Legal research, analysis, and writing at Santa Clara – enhancing skills and readying for practice
Welcome to the Legal Analysis, Research, and Writing program at Santa Clara Law! Some of the most crucial skills needed for the practice of law are the ability to find the law, to analyze it, and to convey that analysis in writing. This is reflected in the quote “Law is one of the great literary professions.” Conveying your analysis in writing is the end result of your research and analysis. More immediately relevant, these same skills are those most in demand for summer internships and clerkships. In other words, LARAW helps get you practice-ready.

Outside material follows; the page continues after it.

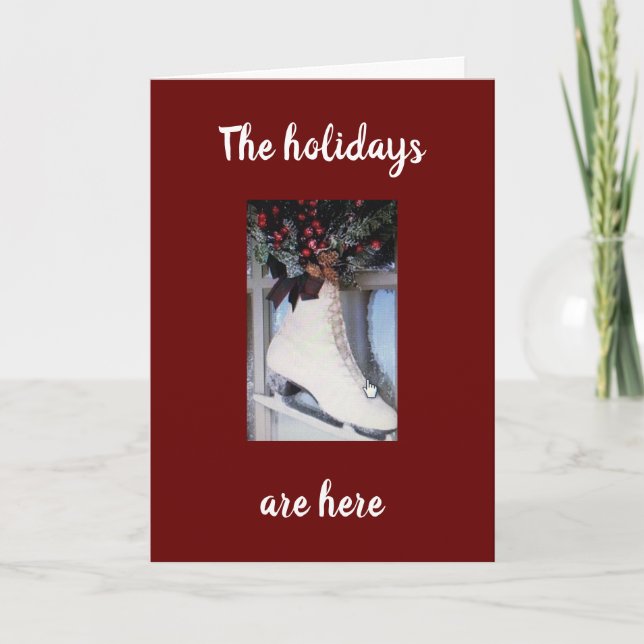 CARTE ***SOUHAITEZ QUE VOUS ÉTIEZ PRÈS DE NOËL*** VOUS M (Devant)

Santa Clara provides three semesters of legal analysis, research, and writing courses, designed to allow you to acquire and hone your skills. In these courses, you will perform many of the tasks of a practicing lawyer and learn the skills essential to those tasks. During the first semester, you will take on the role of an associate lawyer. Your “supervisor” will assign several case files to you and ask you to write predictive, objective office memoranda on the legal issues raised in those problems. These assignments will require you to read and analyze cases and statutes and to write the statements of fact, questions presented, brief answers, and discussion sections of the legal memoranda used in law firms, courts, and other legal offices.
In the spring semester, we move from predictive writing to persuasive writing. You will continue to build your analytical skills by writing client letters and persuasive memoranda and will also have the opportunity to present an oral argument before a trial court. In addition, you’ll acquire skills in legal research, both manual and on-line.
In your Advocacy course, you will refine the research, analysis, and writing skills you learned in LARAW, through performing the tasks of an attorney handling an appellate case. Your tasks are to identify the legal issues involved in the case, research those issues, prepare an appellate brief to a hypothetical United States Court of Appeals, and present oral argument before that court.